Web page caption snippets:
————

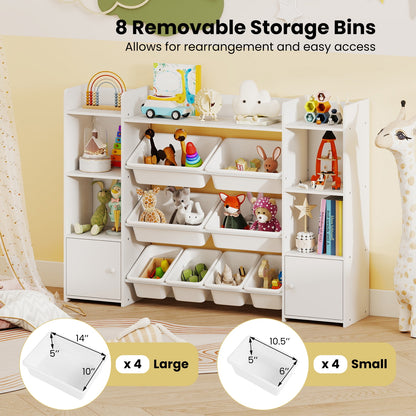 56 inch Large Toy Storage Organizer with 8 Removable Bins and Bookshelf, White Kids Storage at Gallery Canada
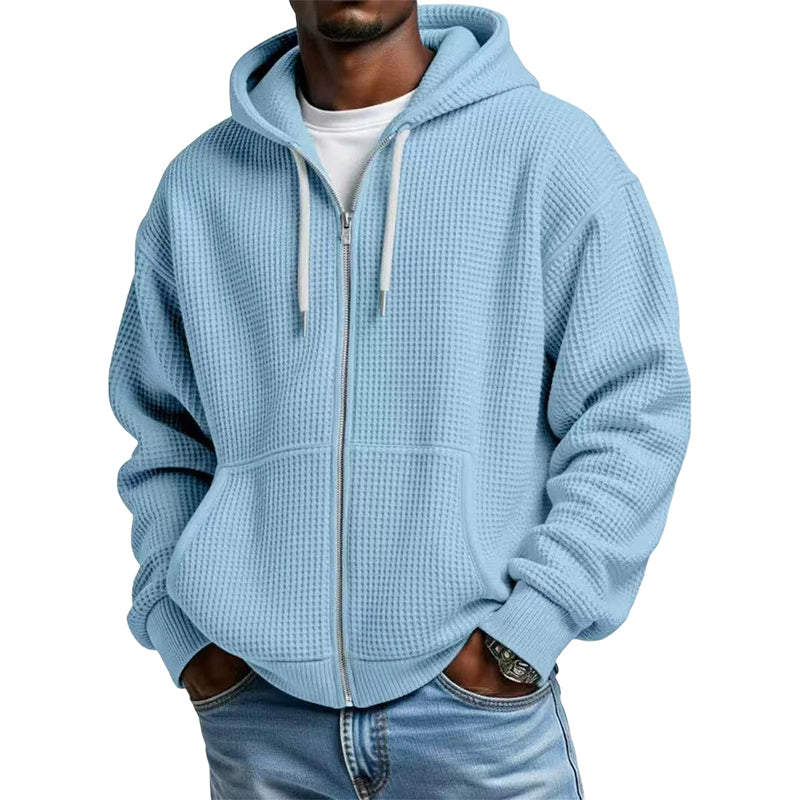 Sudadera Waffle con Capucha y Cierre para Hombre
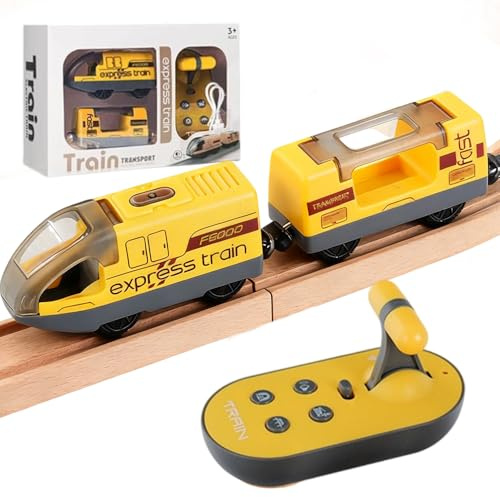 DAJASD Locomotiva ad Azione a Batteria, Treno Motorizzato per Binari in Legno, Treno Telecomandato con Collegamento Magnetico Giocattolo Regali per Ragazze Ragazzi 3 4 5 6 7 anni(Giallo)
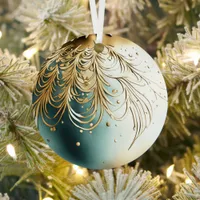 Simple Gold and Green Christmas Metal Ornament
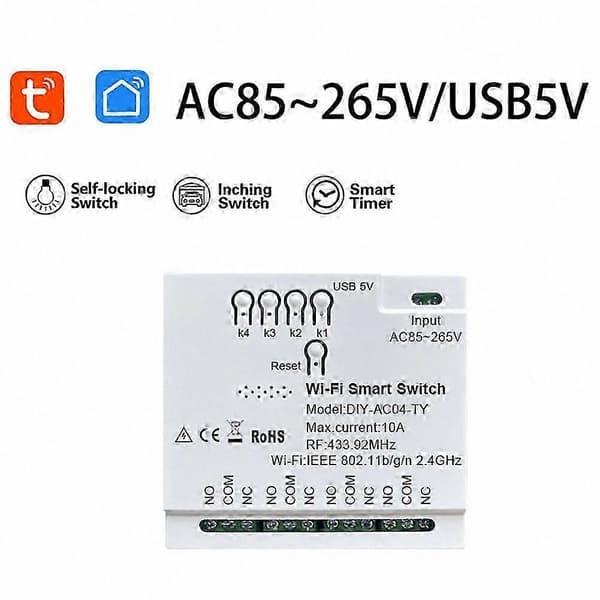 4CH Tuya WiFi Smart Switch Modul, DIY Timer, 85-265V, Virker med Alexa Google Home IFTTT Smart Life White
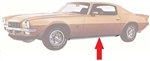 1970 - 1975 Camaro Rocker Panel Molding, Chrome Left Hand, 481540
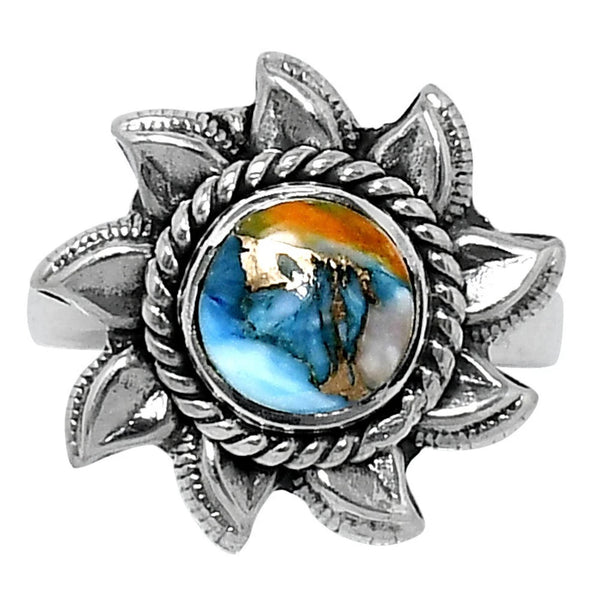 Spiny Oyster Turquoise Sterling Silver "Sun" Ring - Keja Designs Jewelry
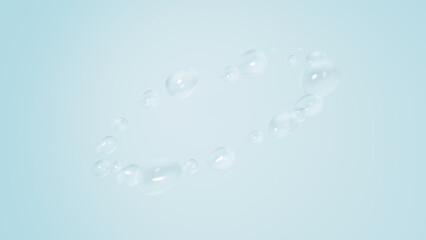 円形に並んだ複数の水滴の背景素材。（水色）（横長）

————

* _PROBLEM DESCRIPTION_
The answer must be an exact copy of the lines from the one containing "1970 - 1975" through the last line of the records, and nothing else. Pictures do not belong in it.

* _REPLY_
 1970 - 1975 Camaro Rocker Panel Molding, Chrome Left Hand, 481540
 Spiny Oyster Turquoise Sterling Silver "Sun" Ring - Keja Designs Jewelry
 円形に並んだ複数の水滴の背景素材。（水色）（横長）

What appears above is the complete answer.